City Paper is not for tourists
Earlier this week, Kim O’Donnel hosted her final “What’s Cooking” chat over at washingtonpost.com, ending what has to be one of the longest-running online discussions anywhere. O’Donnel, a journalist and a graduate of the Institute of Culinary Education in New York, had been hosting her home-cooking chat for more than 10 years, but the popular forum fell victim to the latest round of budget cuts at the paper.
While she’s not bitter about having the plug pulled, O’Donnel is perplexed as to why the Post, at a critical time for journalism when its very survival lies with the Web, would “start packing away unique online assets.” (What’s Cooking is not the only chat to go bye-bye at the Post, and Y&H is searching for an editor at the paper who can answer O’Donnel’s question, among others; I’ll update this item as answers come in.)
Even if O’Donnel doesn’t completely understand the paper’s rationale for cutting back on chats, she’s happy with the legacy of What’s Cooking. “A lot of people learned to cook in this forum,” she says. She politely declines to provide statistics on the number of weekly readers and chatters, though she did get about 100 questions a week.
She’s not bragging idly, either, if you judge by the comments from O’Donnel’s last chat on Tuesday. Wrote one cook from London: “No question, just a thanks for all the recipes, suggestion, and advice over the chat’s lifetime! I’m going to miss the chat(even though I will be following along in other formats, it’ll take me a little while to adjust, I’m sure…)”
And this comment from someone within the walls of the Post: “Hey Kimmy, I know you’re not here to take comments from your colleagues, but I want to thank you for opening up a whole new world of cooking for me.
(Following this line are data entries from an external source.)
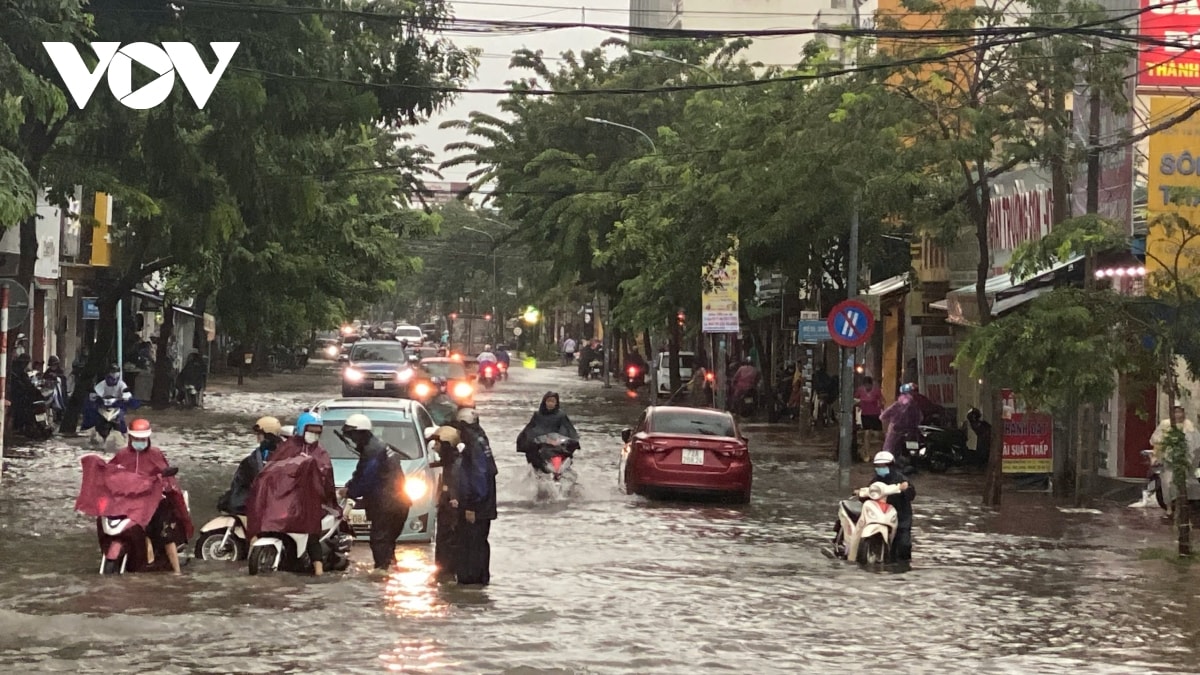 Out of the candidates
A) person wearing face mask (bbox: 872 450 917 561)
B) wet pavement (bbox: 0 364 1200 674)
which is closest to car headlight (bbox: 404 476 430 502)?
wet pavement (bbox: 0 364 1200 674)

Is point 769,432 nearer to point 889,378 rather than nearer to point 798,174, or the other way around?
point 889,378

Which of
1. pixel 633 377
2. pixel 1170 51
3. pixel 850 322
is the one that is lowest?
pixel 633 377

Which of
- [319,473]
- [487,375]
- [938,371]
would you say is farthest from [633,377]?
[319,473]

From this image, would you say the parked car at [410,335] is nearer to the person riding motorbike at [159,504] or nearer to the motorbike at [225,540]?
the motorbike at [225,540]

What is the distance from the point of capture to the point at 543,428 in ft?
83.0

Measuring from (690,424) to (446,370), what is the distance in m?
20.4

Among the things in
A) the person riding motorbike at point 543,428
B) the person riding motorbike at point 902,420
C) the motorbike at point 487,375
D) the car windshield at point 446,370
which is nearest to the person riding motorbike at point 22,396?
the person riding motorbike at point 543,428

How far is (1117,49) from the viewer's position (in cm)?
2303

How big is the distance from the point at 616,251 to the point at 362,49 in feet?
78.0

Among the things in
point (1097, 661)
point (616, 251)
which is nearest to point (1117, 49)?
point (1097, 661)

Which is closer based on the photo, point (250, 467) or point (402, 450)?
point (250, 467)

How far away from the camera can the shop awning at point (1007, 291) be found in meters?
25.9

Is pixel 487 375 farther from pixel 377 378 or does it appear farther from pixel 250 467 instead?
pixel 250 467

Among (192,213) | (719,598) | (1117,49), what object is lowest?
(719,598)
My kitchen — and diet — was forever changed from the moment we collaborated on the first What’s Cooking video back in 2001. I’m in awe of what you’ve accomplished over the last 10 years and look forward to the next decade of KOD. — Liz.”
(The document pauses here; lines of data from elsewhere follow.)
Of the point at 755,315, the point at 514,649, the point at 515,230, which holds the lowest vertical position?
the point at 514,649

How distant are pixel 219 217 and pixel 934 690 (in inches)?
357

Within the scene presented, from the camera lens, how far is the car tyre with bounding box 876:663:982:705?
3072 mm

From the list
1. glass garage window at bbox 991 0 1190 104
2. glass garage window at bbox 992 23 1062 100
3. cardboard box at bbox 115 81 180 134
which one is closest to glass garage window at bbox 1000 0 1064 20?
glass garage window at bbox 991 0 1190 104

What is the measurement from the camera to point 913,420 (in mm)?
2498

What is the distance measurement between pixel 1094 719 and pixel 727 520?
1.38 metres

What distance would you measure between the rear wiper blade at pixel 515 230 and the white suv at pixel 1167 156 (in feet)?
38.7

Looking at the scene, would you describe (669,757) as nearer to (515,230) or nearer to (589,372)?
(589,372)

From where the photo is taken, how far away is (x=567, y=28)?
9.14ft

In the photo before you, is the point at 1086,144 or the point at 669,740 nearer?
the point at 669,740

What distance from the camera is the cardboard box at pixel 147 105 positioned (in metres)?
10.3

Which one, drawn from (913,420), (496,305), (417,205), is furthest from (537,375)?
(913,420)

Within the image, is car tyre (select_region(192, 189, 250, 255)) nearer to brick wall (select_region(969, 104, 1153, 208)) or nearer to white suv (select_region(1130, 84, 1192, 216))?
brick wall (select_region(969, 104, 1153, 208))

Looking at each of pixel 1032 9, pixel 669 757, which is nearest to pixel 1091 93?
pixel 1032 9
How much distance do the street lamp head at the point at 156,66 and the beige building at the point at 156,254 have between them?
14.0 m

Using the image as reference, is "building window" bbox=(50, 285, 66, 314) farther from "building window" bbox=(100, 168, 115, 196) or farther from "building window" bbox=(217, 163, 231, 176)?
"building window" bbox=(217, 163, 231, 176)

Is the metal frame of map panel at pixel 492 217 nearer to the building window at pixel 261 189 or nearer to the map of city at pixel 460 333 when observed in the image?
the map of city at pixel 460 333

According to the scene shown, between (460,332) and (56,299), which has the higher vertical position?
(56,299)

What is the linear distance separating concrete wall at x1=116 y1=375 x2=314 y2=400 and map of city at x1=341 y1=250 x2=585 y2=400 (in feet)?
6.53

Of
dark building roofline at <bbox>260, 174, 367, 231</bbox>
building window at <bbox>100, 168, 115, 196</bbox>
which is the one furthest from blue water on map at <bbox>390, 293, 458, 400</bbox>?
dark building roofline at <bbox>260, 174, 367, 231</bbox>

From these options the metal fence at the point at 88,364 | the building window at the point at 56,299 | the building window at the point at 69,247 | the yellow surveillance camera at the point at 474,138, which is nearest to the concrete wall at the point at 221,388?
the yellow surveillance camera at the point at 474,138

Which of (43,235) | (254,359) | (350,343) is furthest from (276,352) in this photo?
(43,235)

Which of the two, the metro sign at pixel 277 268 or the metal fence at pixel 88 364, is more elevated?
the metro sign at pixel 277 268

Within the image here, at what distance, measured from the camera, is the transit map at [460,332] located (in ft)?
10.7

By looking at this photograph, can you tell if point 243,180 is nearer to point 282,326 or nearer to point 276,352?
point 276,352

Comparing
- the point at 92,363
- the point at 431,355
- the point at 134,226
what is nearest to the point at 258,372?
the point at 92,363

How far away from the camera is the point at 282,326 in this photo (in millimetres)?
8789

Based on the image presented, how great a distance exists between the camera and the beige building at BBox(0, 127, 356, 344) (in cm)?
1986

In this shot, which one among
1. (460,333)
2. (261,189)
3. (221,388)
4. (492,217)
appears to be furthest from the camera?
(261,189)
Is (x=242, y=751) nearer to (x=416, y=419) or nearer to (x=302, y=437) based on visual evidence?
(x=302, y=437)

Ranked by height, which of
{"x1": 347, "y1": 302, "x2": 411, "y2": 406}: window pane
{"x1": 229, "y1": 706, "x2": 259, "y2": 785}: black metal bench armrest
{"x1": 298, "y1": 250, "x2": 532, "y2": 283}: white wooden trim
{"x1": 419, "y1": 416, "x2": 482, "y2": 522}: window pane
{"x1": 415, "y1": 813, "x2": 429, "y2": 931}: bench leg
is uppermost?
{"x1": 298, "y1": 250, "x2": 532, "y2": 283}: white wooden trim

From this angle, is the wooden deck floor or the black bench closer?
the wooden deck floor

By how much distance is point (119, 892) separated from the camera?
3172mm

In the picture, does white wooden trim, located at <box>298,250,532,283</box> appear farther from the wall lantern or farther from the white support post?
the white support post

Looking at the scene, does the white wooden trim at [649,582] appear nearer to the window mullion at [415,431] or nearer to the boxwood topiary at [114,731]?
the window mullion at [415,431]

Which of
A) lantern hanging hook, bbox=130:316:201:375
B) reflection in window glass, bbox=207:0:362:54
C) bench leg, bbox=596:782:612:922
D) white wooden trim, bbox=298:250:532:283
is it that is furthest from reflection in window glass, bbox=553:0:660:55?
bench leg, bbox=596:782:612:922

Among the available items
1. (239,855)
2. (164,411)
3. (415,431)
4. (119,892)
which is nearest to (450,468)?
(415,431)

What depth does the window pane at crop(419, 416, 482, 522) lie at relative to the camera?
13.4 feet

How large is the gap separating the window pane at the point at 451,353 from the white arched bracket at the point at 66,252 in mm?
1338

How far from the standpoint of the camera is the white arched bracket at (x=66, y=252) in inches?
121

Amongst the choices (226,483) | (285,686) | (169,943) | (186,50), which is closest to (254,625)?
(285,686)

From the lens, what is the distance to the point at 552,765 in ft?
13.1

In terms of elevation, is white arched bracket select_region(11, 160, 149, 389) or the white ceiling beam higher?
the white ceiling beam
O’Donnel’s culinary knowledge and gentle touch with readers will not be completely absent from the Post‘s site. She will continue writing her A Mighty Appetite blog, but she doesn’t think it serves the same role as the weekly chat. “The chat has much more of a personal feel [to readers], like their needs are getting met,” she says.
Which is one reason why O’Donnel is looking for a new host for the chat. She’s currently considering a few sites and hopes to resume chatting on one of them by early April. In the meantime, she’s created a Facebook page, What’s Cooking in Limbo, where she will take questions and keep her fans informed of her new whereabouts.
“I guess I could have done it for free [for the Post], but I’m a freelancer,” says O’Donnel, who is based in Seattle. “Time is money when you’re a freelancer.”